PROBLEM REQUIREMENTS —
Could you write out, exactly as they stand, only the lines in the listing below from the line with "Red pitaya fruits." to the line with "A bright, welcoming", both ends included, without the pictures?
── DATASET ──
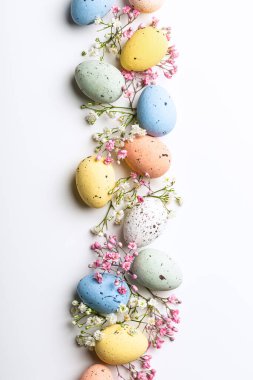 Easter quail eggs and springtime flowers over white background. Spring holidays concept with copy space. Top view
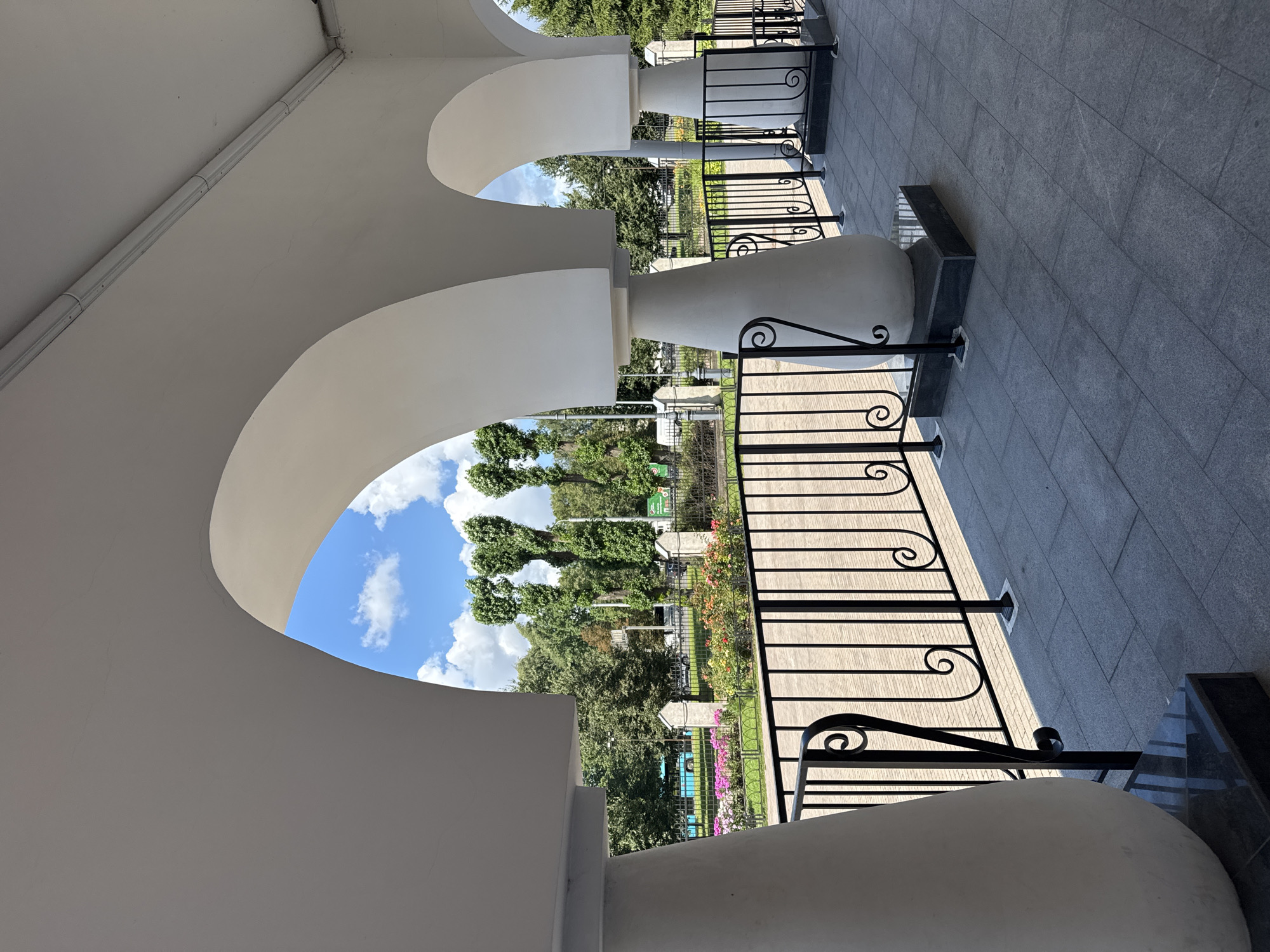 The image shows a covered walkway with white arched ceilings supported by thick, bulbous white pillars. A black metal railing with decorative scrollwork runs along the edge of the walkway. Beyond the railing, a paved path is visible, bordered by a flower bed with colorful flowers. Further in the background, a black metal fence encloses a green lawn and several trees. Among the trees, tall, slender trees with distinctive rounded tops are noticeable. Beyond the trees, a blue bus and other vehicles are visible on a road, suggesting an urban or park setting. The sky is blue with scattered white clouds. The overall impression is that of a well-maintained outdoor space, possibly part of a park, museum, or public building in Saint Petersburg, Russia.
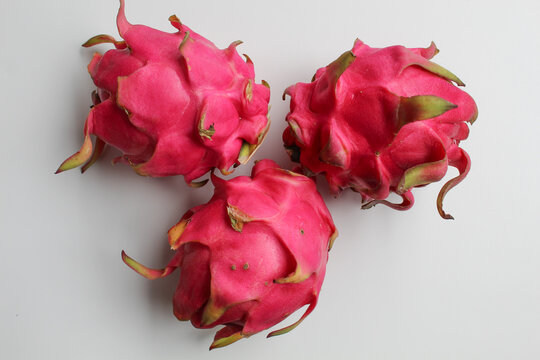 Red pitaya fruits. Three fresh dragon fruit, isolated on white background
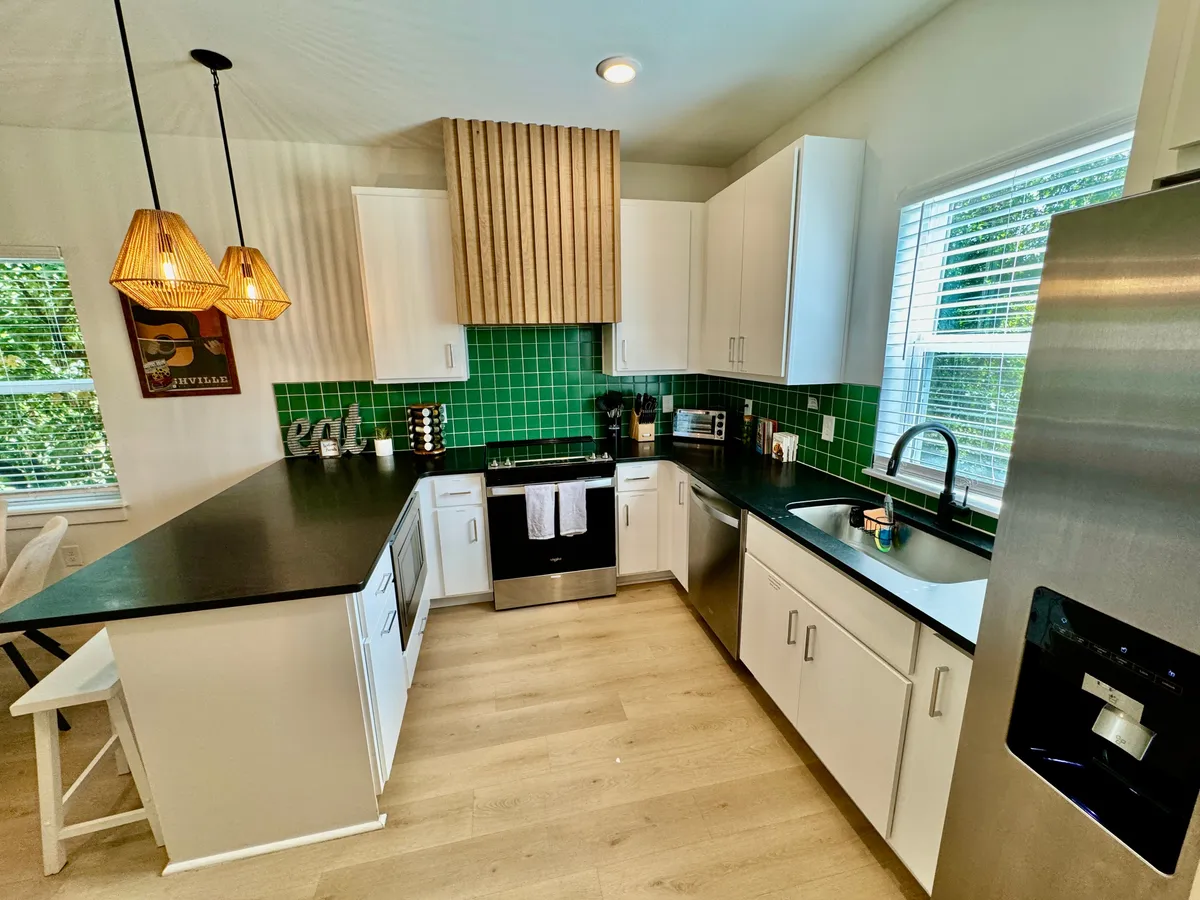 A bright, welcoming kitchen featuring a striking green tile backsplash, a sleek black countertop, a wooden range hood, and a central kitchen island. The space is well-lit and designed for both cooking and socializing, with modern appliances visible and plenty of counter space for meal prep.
───
── DATASET ──
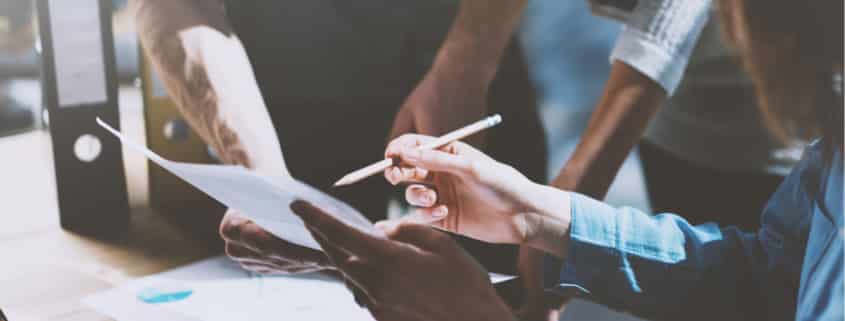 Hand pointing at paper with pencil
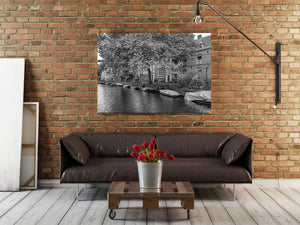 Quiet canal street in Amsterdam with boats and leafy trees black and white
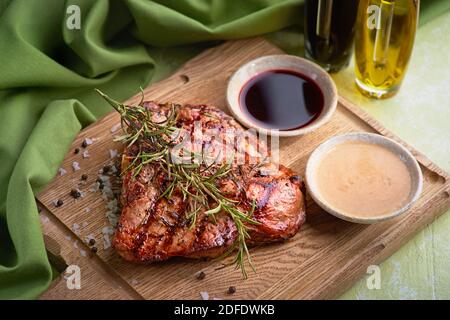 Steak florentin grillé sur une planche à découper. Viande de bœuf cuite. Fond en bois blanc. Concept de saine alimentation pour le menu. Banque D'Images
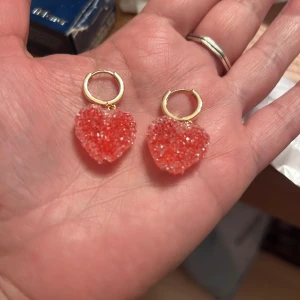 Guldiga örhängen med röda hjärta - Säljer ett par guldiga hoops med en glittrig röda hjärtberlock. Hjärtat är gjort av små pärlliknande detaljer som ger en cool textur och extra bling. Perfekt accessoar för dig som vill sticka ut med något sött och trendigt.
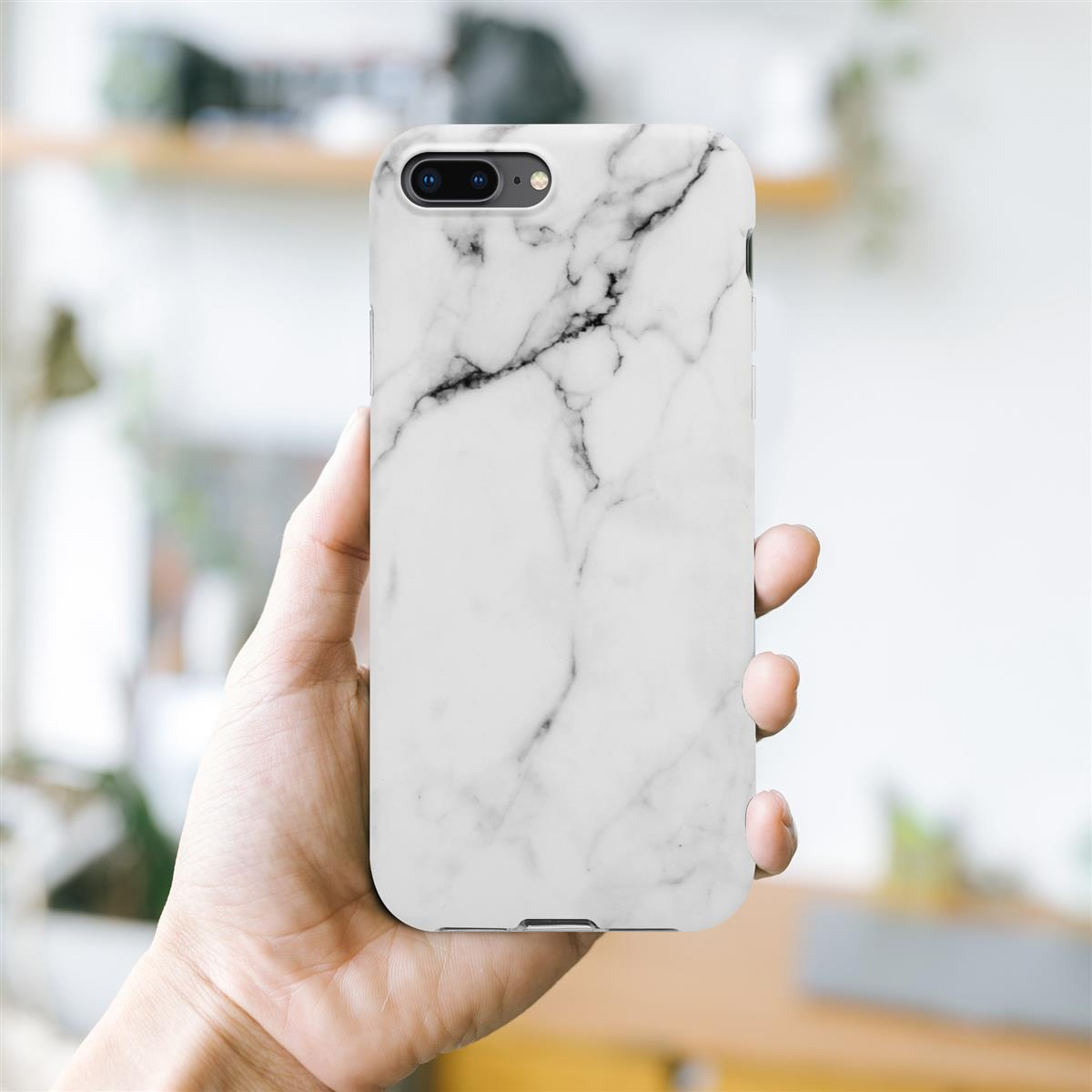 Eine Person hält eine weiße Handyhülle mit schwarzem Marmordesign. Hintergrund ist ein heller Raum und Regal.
───
── DATASET ──
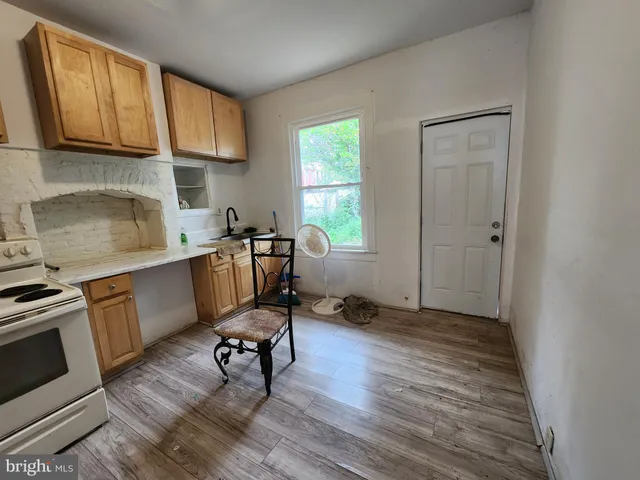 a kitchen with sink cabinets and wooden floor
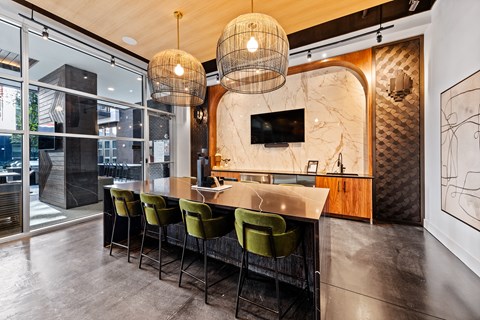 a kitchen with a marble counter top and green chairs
───
EXERCISE SOLUTION —
 Red pitaya fruits. Three fresh dragon fruit, isolated on white background
 A bright, welcoming kitchen featuring a striking green tile backsplash, a sleek black countertop, a wooden range hood, and a central kitchen island. The space is well-lit and designed for both cooking and socializing, with modern appliances visible and plenty of counter space for meal prep.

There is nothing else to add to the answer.